The state space is the space of square integrable functions $L^2(\mathbb{R}^3)$. (Edit: in the following I added reference to the radial wavefunction) One way to get a basis that spans this space is to combine (i.e. take the tensor product of) the angular momentum basis $|l,m\rangle$ and some basis for the radial wavefunction (such as the eigenfunctions of the Hydrogen atom). Such a basis determines the cardinality of the state space to be countably infinite.

However, sometimes it is convenient to consider a larger space: the space of all continuous functions $C(\mathbb{R}^3)$, which is spanned by the position basis $|x\rangle$, and therefore has a larger cardinality (Edit: this space is analogous to the rigged Hilbert space referred to this answer). This space contains functions that have an infinite norm, and therefore cannot represent quantum states, but they can still be useful in our calculations.

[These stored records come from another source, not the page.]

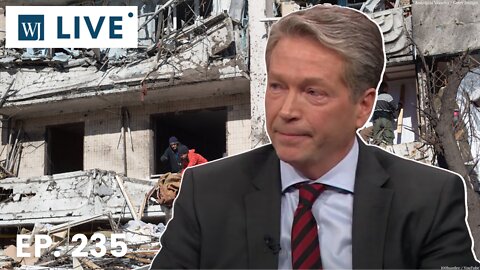 Group Helping Ukraine: We Are Sending Meals, We'll Get Bombed if We Say Where | 'WJ Live' Ep. 235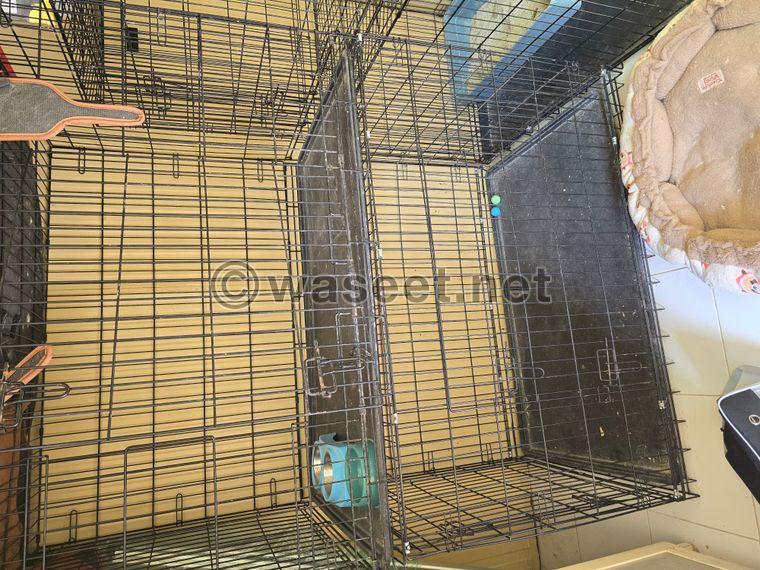 4 cages for cats and dogs for sale 0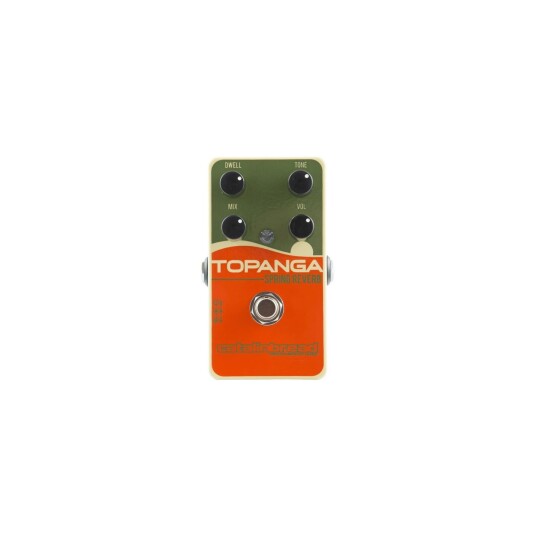 Catalinbread Topanga Reverb-Pedal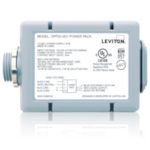 Leviton® OPP20-D1 Super Duty Power Pack, 5.4 W, 120 to 277 VAC Input, 24 VDC Output, 225 mA, 60 A Relay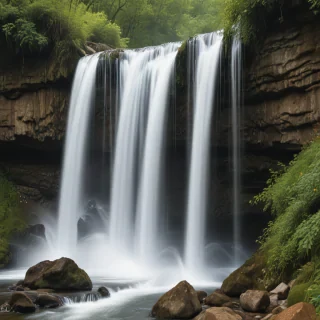 water fall wall paper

Take for example the wavefunction $e^{i k x}$. It is part of $C(\mathbb{R}^3)$, but not part of $L^2(\mathbb{R}^3)$ since it cannot be normalized. Nevertheless, it is very useful to use this wavefunction in calculations, for example in scattering theory. Once we know how this wavefunction evolves over time, we can use the linearity of Quantum mechanics to know how any superposition of such wavefunctions evolve over time. Using the Fourier transform we can express any function in $L^2(\mathbb{R}^3)$ as a linear combination of functions of the form $e^{i k x}$, and therefore we have solved the time evolution of any wavefunction in $L^2(\mathbb{R}^3)$.

In conclusion, using a function space that has a larger cardinality is useful, as long as we remember that in the end of the calculation we need to return to the state space we started with.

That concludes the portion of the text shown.